Tel-Aviv n’a jamais reconnu les faits dénoncés par le technicien de Dimona, et notamment son enlèvement en Italie par les services secrets de son pays, puis son transport manu militari en Israël. Or le juge d’instruction italien Dominici Sicca, après enquête, a conclu en juin 1998 que Vanunu avait en réalité collaboré avec le Mossad afin de rendre publique la capacité nucléaire d’Israël. L’intéressé nie catégoriquement cette allégation. A Yoel Cohen, il a répondu : « La bombe ne dissuade pas. Eux [les autorités israéliennes] la détiennent pour ne pas faire la paix. »

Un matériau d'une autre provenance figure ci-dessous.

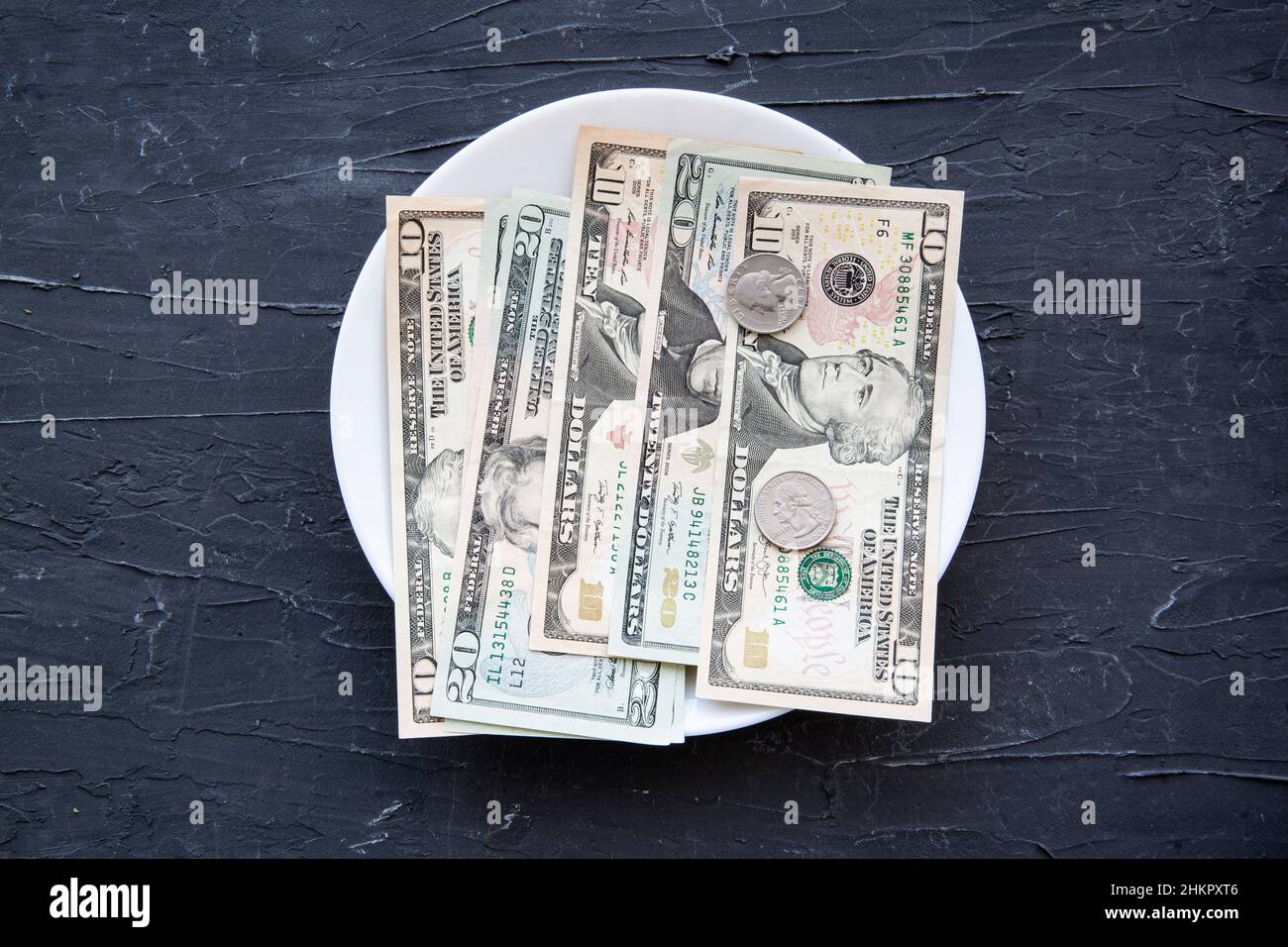Denaro speso per il concetto di cibo sul backgorund nero negli Stati Uniti. Dollari nel piatto. Foto Stock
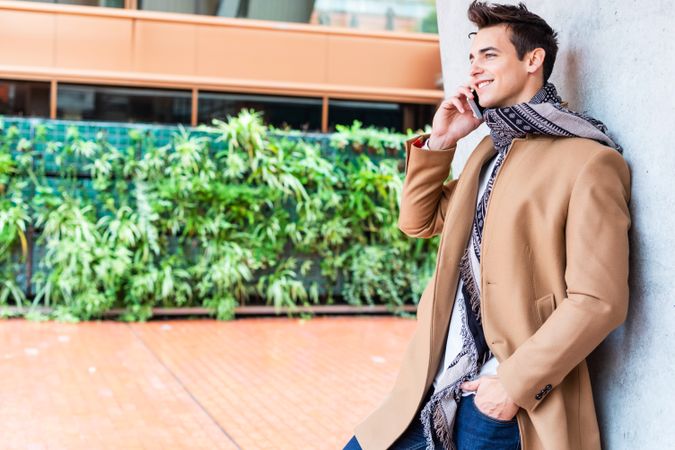 Smiling man in camel coat and scarf standing outside with phone to his ear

Ce qui frappe enfin, dans le livre d’Avner Cohen comme dans celui de Yoel Cohen, c’est la complaisance et l’hypocrisie des gouvernements des Etats-Unis comme des pays de l’Union européenne à l’égard de l’activité nucléaire d’Israël.
[1] Avner Cohen, Le Dernier Tabou. Le secret de la situation nucléaire d’Israël et ce qu’il faut en faire (en hébreu), Kinneret, Zmora-Bitan, Dvir, Or Yehouda, Israël, 2005, 334 pages, 78 shekels.
[2] Sunday Times, Londres, 5 octobre 1986.
[3] Avner Cohen, Israel and the Bomb (en anglais), Columbia University, New York, 1998, 470 pages, 70 dollars (édition de poche en 1999, 478 pages, 21,95 dollars).
[4] Yoel Cohen, Le Guetteur de Dimona. Vanunu, Israël et la bombe (en hébreu), Editions Babel, Tel-Aviv, 2005, 416 pages, 98 shekels.